Provided entries ->
§ §
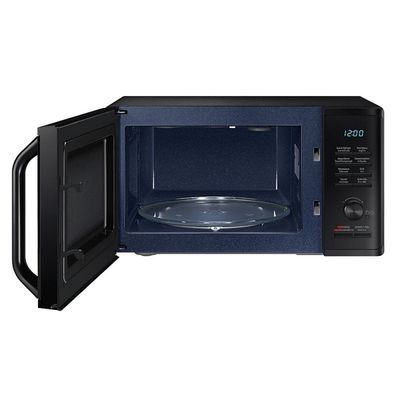 SAMSUNG Microwave (800W, 23L) MG23K3515AK-ST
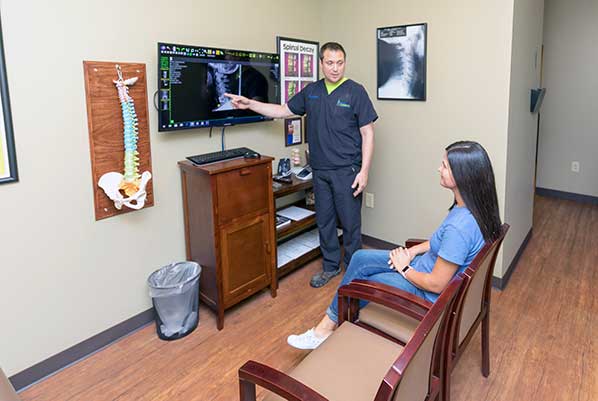 Chiropractic Ringgold GA Patient Education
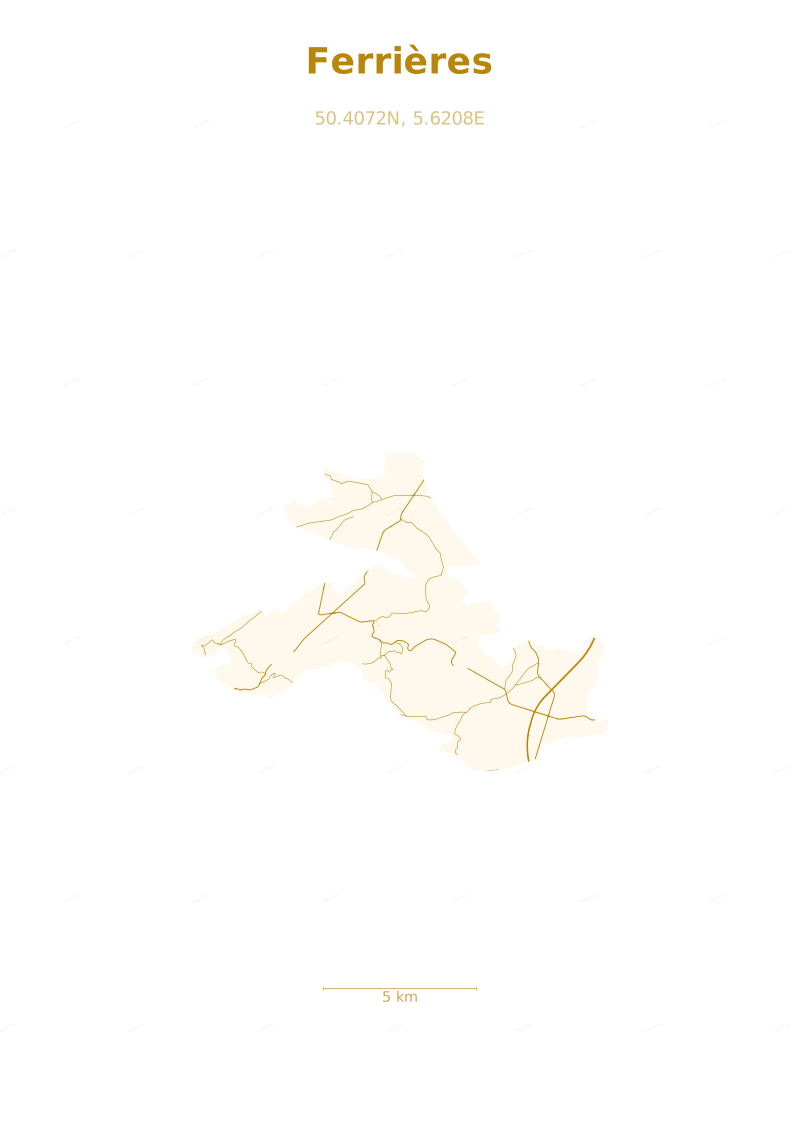 Ferrières Gold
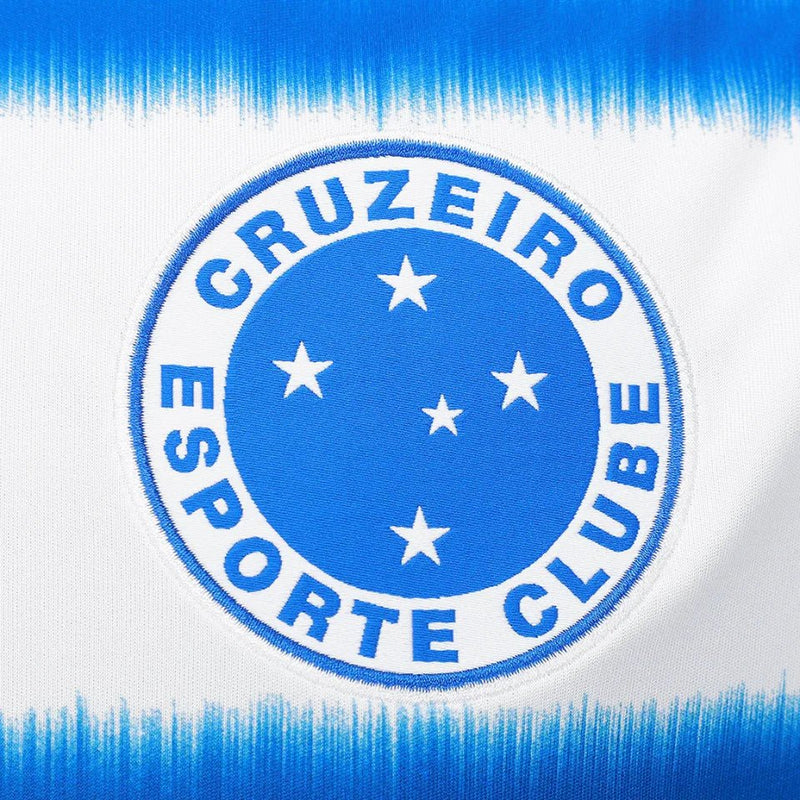 Camisa II Cruzeiro EC 25/26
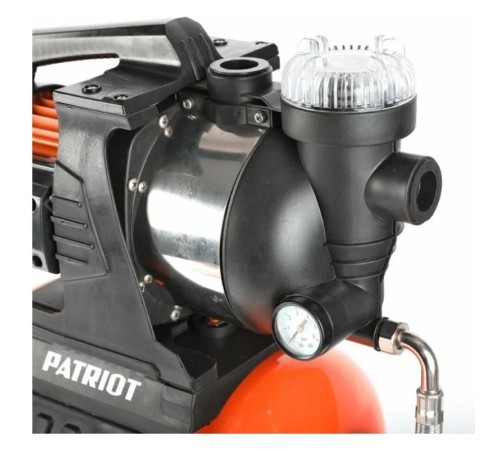 Насосная станция Patriot PW 1200-24 ST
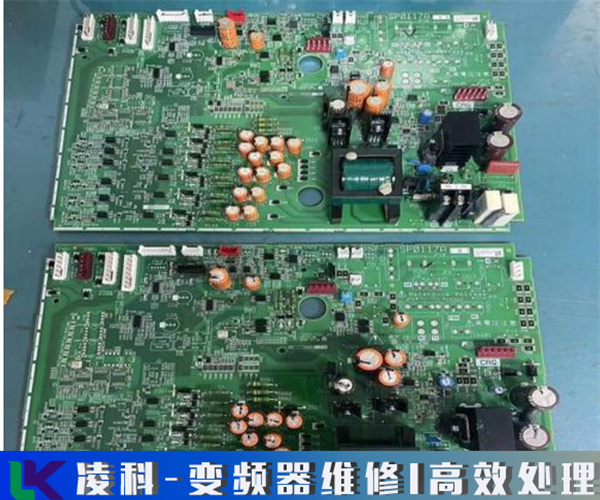 GE變頻器上電鍵盤無顯示維修實(shí)用技巧 GE變頻器上電鍵盤無顯示維修實(shí)用技巧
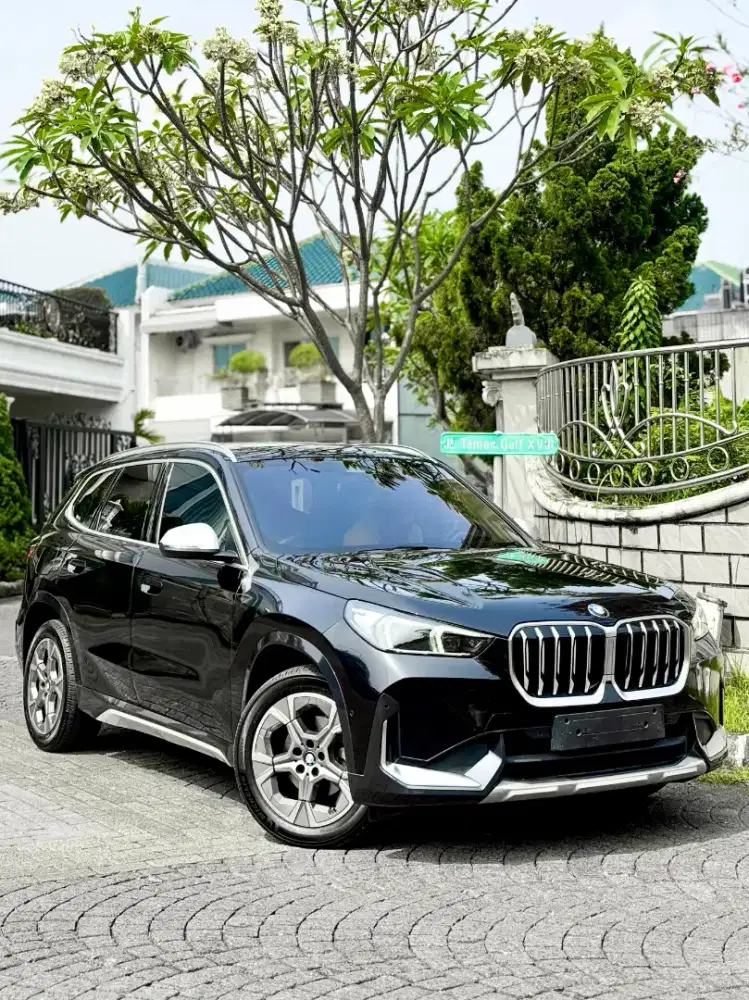 BMW X1 XDrive 18i Xline New Model 2023 BMW X1 iDrive18i XLine 2023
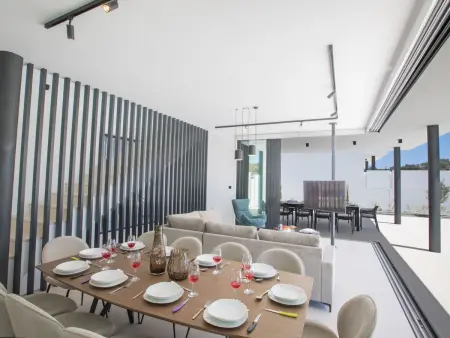 Villa 5 chambres avec piscine privée à Protaras : photo 19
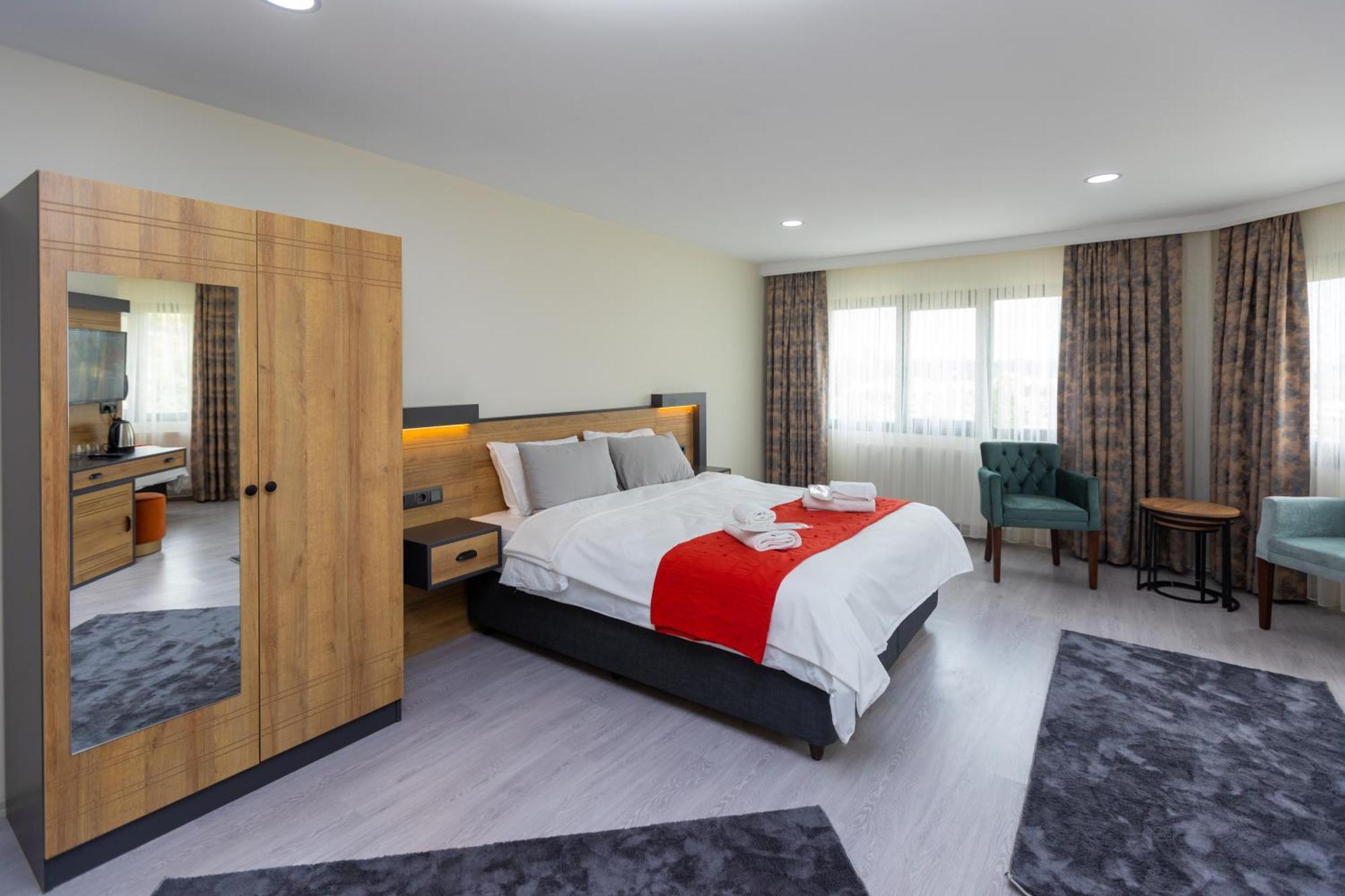 Moonlight Suite Trabzon Dış mekan fotoğraf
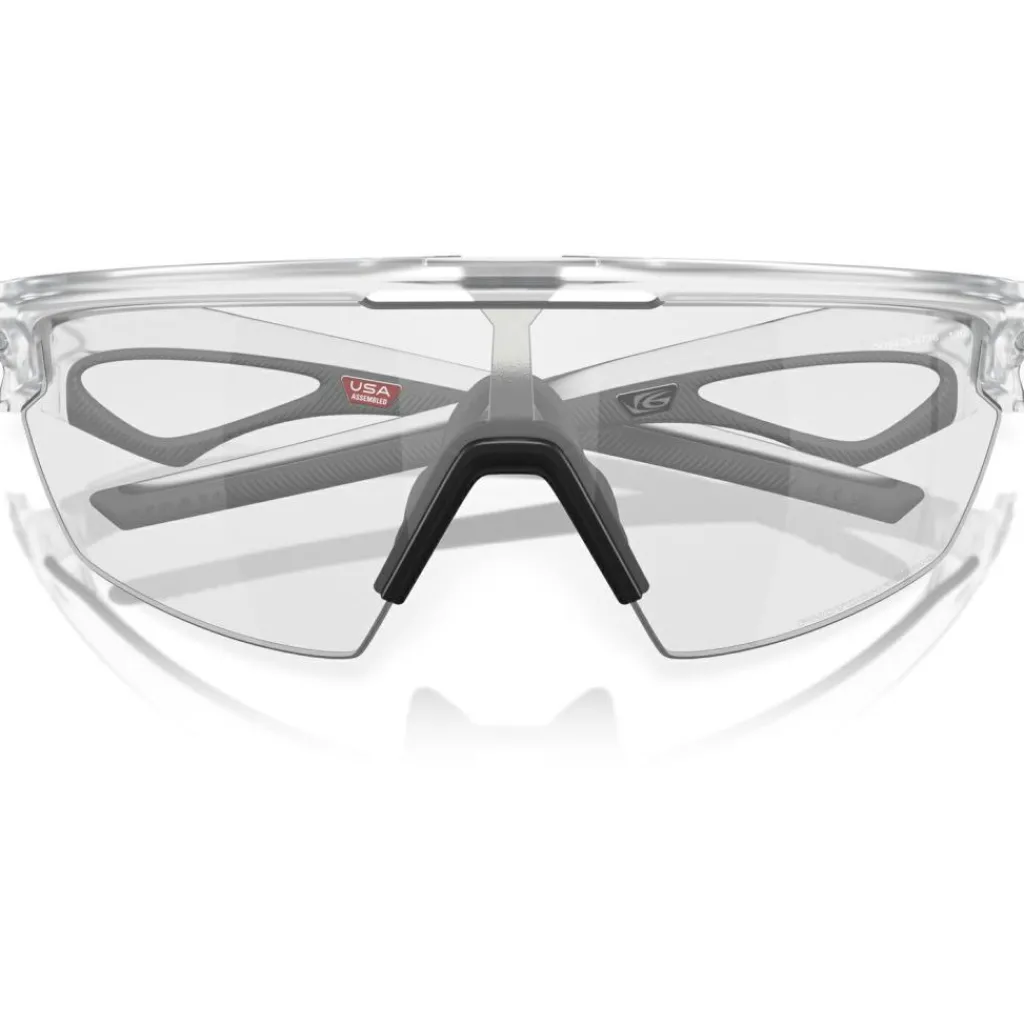 Oakley Sphaera zonnebril matte clear< Zonnebrillen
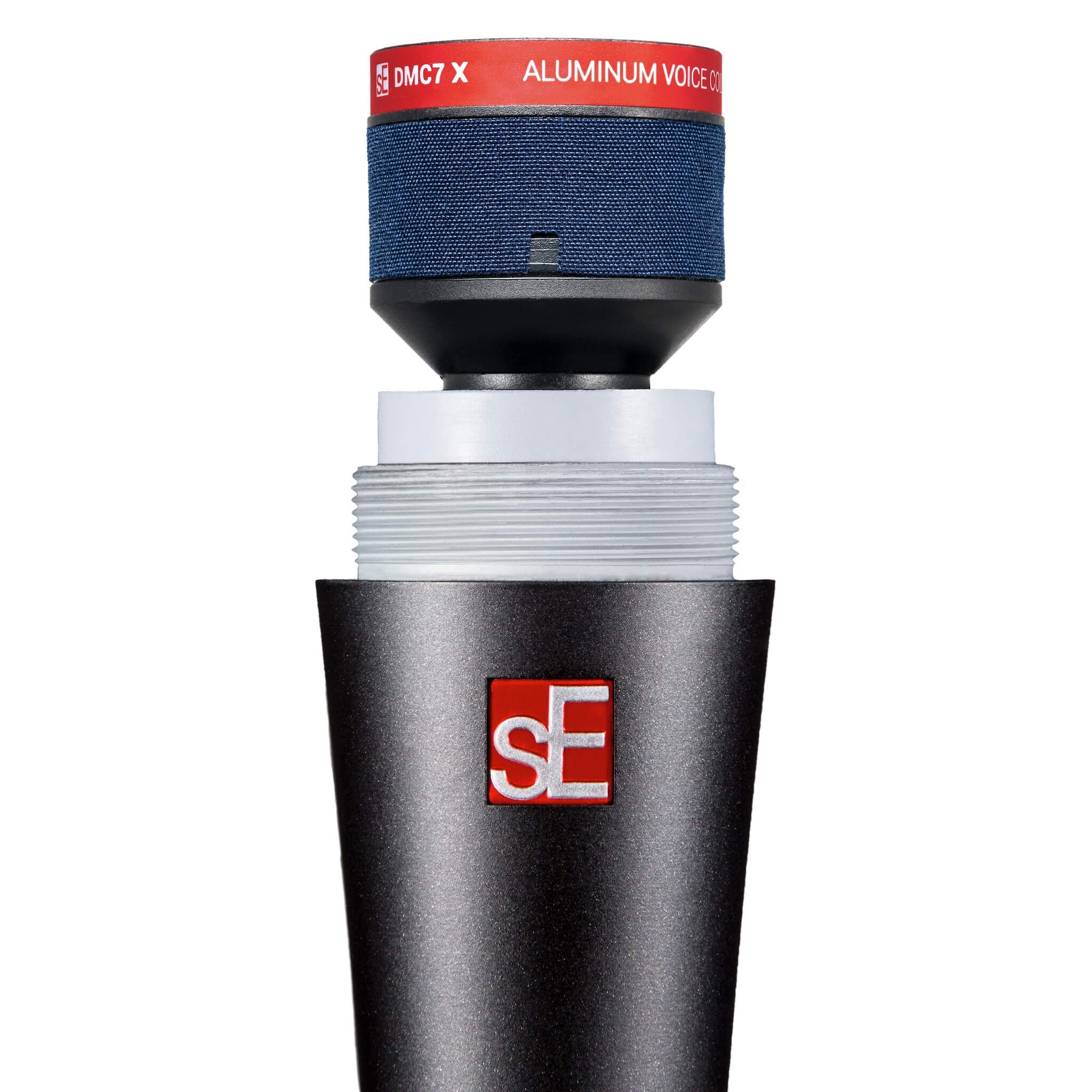 sE Electronics V7 X - Supercardioid Dynamic Instrument Microphone, capsule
§ §
Required action -> Your reply must reproduce all of the entries exactly and contain no pictures.

Response to the task ->
 SAMSUNG Microwave (800W, 23L) MG23K3515AK-ST
 Chiropractic Ringgold GA Patient Education
 Ferrières Gold
 Camisa II Cruzeiro EC 25/26
 Насосная станция Patriot PW 1200-24 ST
 GE變頻器上電鍵盤無顯示維修實(shí)用技巧 GE變頻器上電鍵盤無顯示維修實(shí)用技巧
 BMW X1 XDrive 18i Xline New Model 2023 BMW X1 iDrive18i XLine 2023
 Villa 5 chambres avec piscine privée à Protaras : photo 19
 Moonlight Suite Trabzon Dış mekan fotoğraf
 Oakley Sphaera zonnebril matte clear< Zonnebrillen
 sE Electronics V7 X - Supercardioid Dynamic Instrument Microphone, capsule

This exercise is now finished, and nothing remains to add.